HOW DO DRUGS WORK? Flashcards
What is a drug?
A drug is a chemical that produces a biological effect when given to a living organism. It’s structure must be known.
What needs to happen for a drug to exert a pharmacological effect?
They have to be bound to macromolecular components of a cell. The binding is highly specific,
What are the main regulatory proteins that are targets for drugs?
Enzymes
Carrier (transporter) proteins
Ion channels
Recceptors
Where are the targets for drugs found?
Outside cells - in extracellular space
Anchored in the cell membrane
Inside cells - inside the cytoplasm, in intracellular membranes or in the nucleus
What causes unwanted drug action or side effects?
If the drug binds to regulatory proteins that are non specific targets or interacts with more than one target protein.
What is a receptor?
A cellular sensor for chemical messengers within the body. They allow coordinated function of different cells/tissues.
What is an agonist?
An agonist activates the receptor and has a direct effect
What is an antagonist?
An antagonist binds but does not activate the receptor. It blocks the action of endogenous ligands.
What is an allosteric modulator?
It alters the action of an agonist by binding to the accessory site on a receptor. There is no effect in the absence of an agonist.
What is a ligand?
Any drug that binds with specificity to a molecular (protein) target.
What is affinity?
Describes the ability of a drug to bind to its target. Determines receptor occupancy. Agonists and antagonists/ blockers/ inhibitors all have affinity
What is efficacy?
Describes ability of a drug to activate a receptor once bound i.e. the ability to elicit an effect. Only agonists have efficacy.
What is potency?
Usually an indication of dose of drug needed to achieve desired effect. For an agonist potency is a combination of affinity and efficacy. For an antagonist, potency may depend solely on affinity.
What is bioavaliabilty?
The fraction of an orally administered dose reaching the systematic circulation (plasma)
What factors govern the concentration of drug that reaches its desired target when administered to the body?
Absorption
Distribution
Metabolism
Elimination
What is absorption?
Defined as the passage of a drug from site of administration to the
plasma (blood).
Absorption is intimately related to route of drug administration
What is enteral administration?
Drug placed directly into gastrointestinal (GI) tract:
- oral
- sublingual
- rectal
What is parenteral administration?
Delivery through route other than GI tract
- epithelial surfaces (topical)
- inhalation
- injection
What factors affect the absorption of a drug after oral administration?
- Ionisation and lipid solubility-strongly ionised drugs are poorly absorbed
- Metabolism in the gut wall and liver – “first-pass metabolism”
- Gastrointestinal motility – both stasis and increased motility can affect
absorption - Splanchnic blood flow – absorption can be increased by increased blood
flow after a meal - Particle size and formulation of drug can affect absorption - slow and fast release formulations
- Physicochemical factors e.g. calcium binding can prevent absorption
How are drugs carried to compartments?
By circulation
What does distribution depend on?
- Barrier permeability e.g.
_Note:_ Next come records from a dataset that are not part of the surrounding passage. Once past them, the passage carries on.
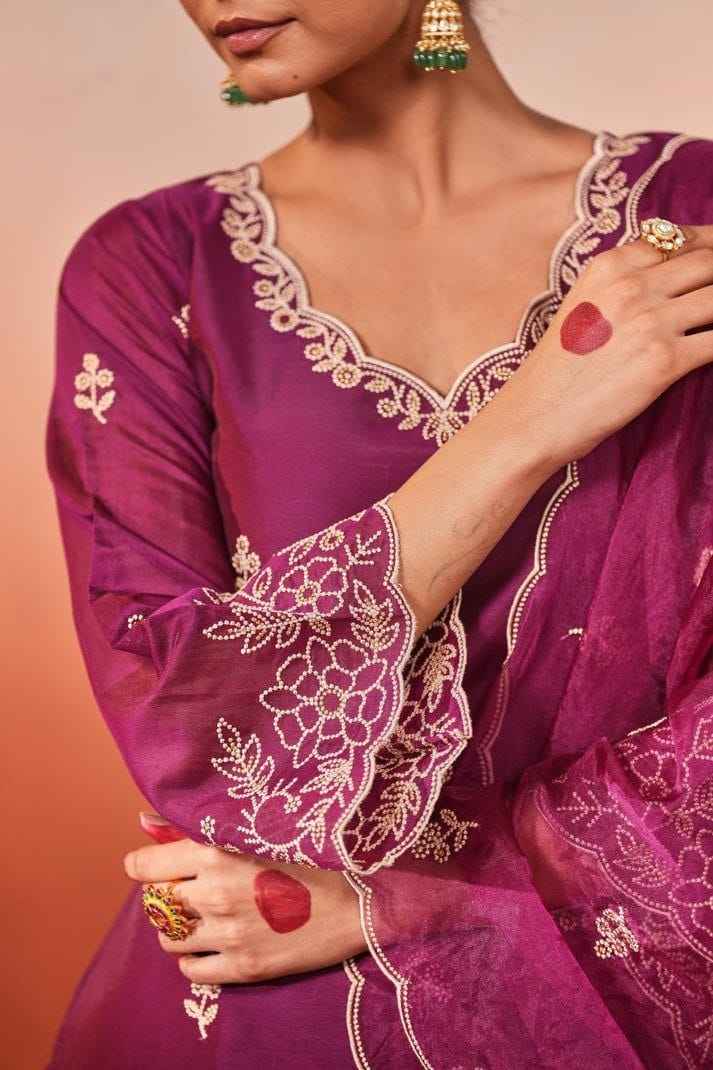 RAASHA Chanderi Silk Kurti Palazzo Dupatta Set – Cotton Thread Embroidery with Full Cotton Lining | House of ShiVisha™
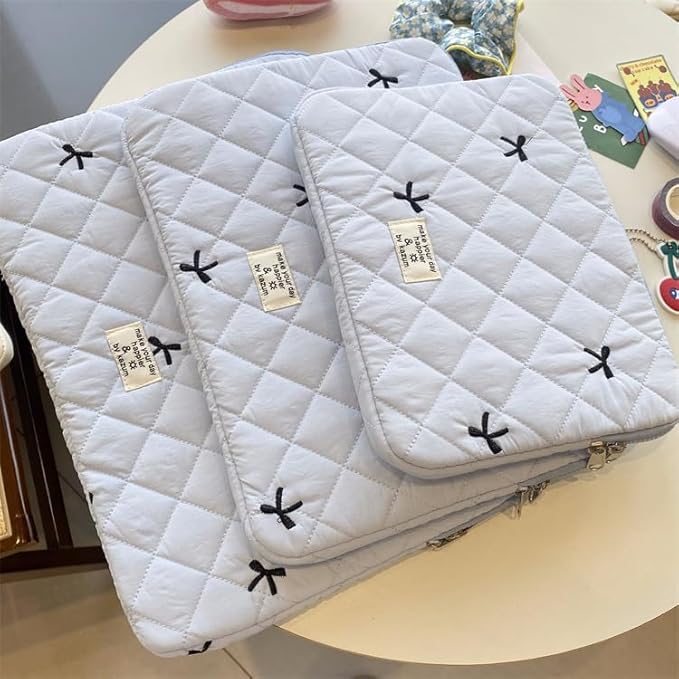 Attria Cute Bow Graphic Carrying Laptop Bag Y2K Preppy Laptop Sleeve Case Bag Kawaii Pad Computer Protect Case Pouch (13-14 inch,White)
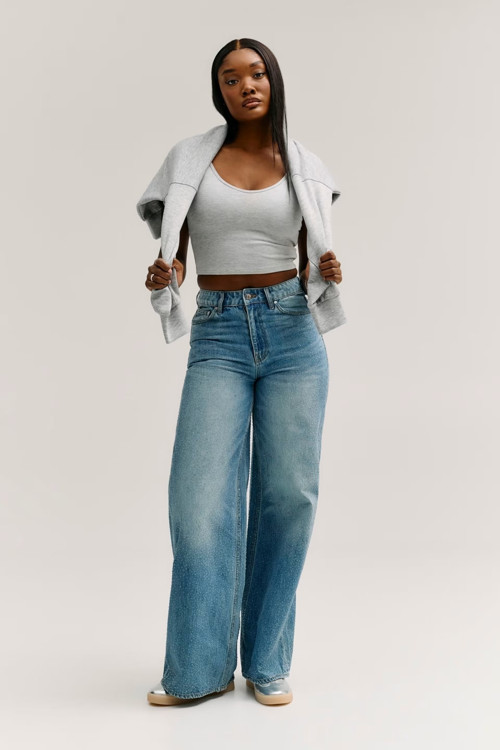 Alba Rhinestones Loose Fit Kadın Jean Pantolon W6GA26D0970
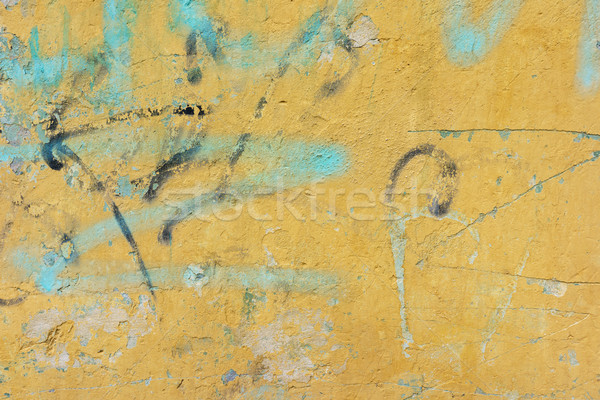 [[stock_photo]]: Vieux · mur · fissuré · peinture · concrètes · texture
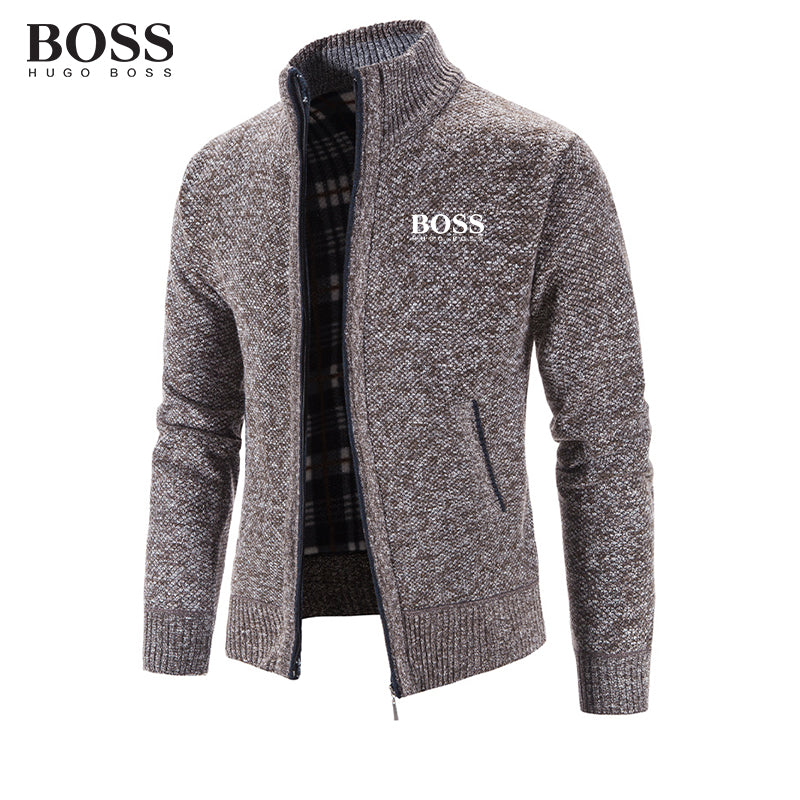 BOSS Men Band Collar External Trench Coat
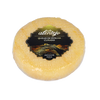 Round cheese with a label on a white background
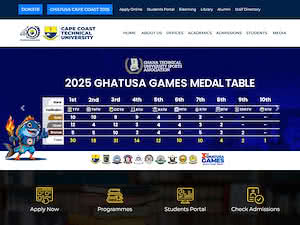 Cape Coast Technical University's official website homepage screenshot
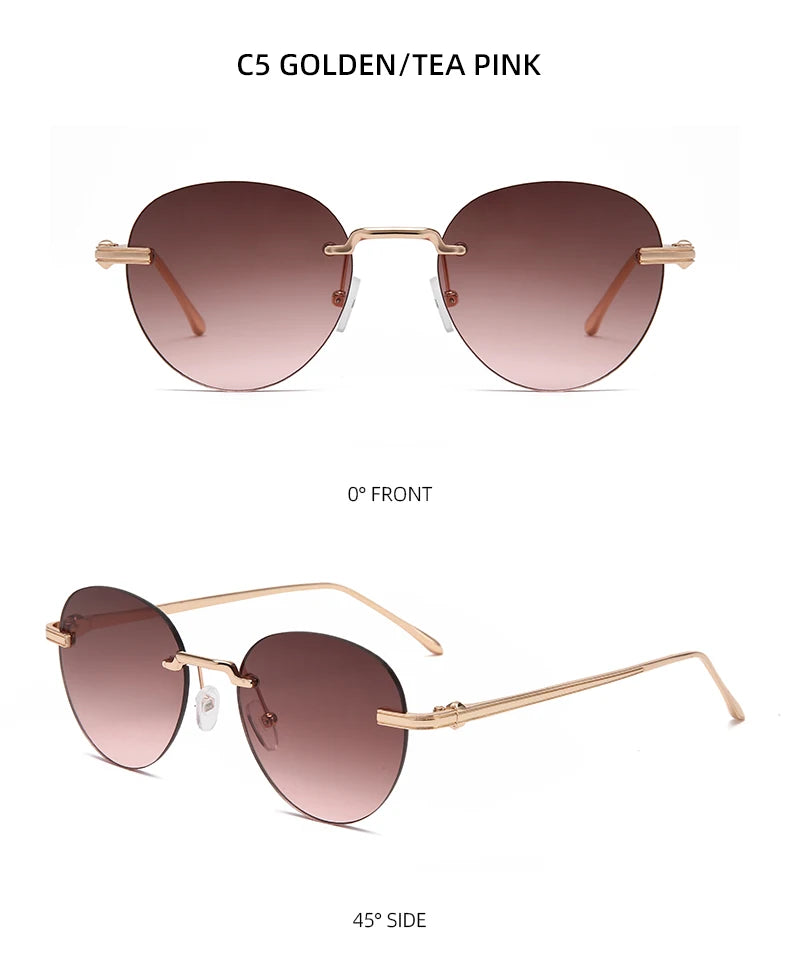 The new frameless and stylishly minimalist sunglasses are versatile with a golden metal frame.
Blood-Brain Barrier
- Binding in compartments
- pH partition
- Water-fat partition
What is the blood brain barrier?
A continuous layer of epithelial cells joined by tight junctions forming a
barrier to drug entry.
What needs to happen to lipid soluble drugs before they can be eliminated?
They must be made water soluble
What is phase 1 metabolism?
alterations to molecule by oxidation, reduction,
hydrolysis
What is phase 2 metabolism?
conjugation usually in the liver with glucuronide or
sulphate prior to elimination
What are possible routes of elimination?
kidneys
liver / bile
lungs - respiratory
(anaesthetics)
What quantifies the lifetime of a drug in the body?
Its half-life – the time taken to reduce the concentration of drug to half its original
concentration
What are the advantages of oral administration?
- convenient, self administration
- no pain
- absorption area large
- cheap
What are the disadvantages of oral administration?
- often only partial absorption
- mucosa irritation
- gastric acid/enzymic
breakdown - slow onset
- taste unpleasant
- cannot be used when
unconscious - first pass metabolism
What are the advantages of intravenous administration?
- allows accurate control of amount of drug delivered to target - pharmacological effects produced very quickly - bypasses major sites of drug metabolism – GI tract and liver
What are the disadvantages of intravenous administration?
- difficult to reverse if too much drug delivered
- can lead to harmful effects
caused by blood clotting or the introduction of air or microbes into the vessel.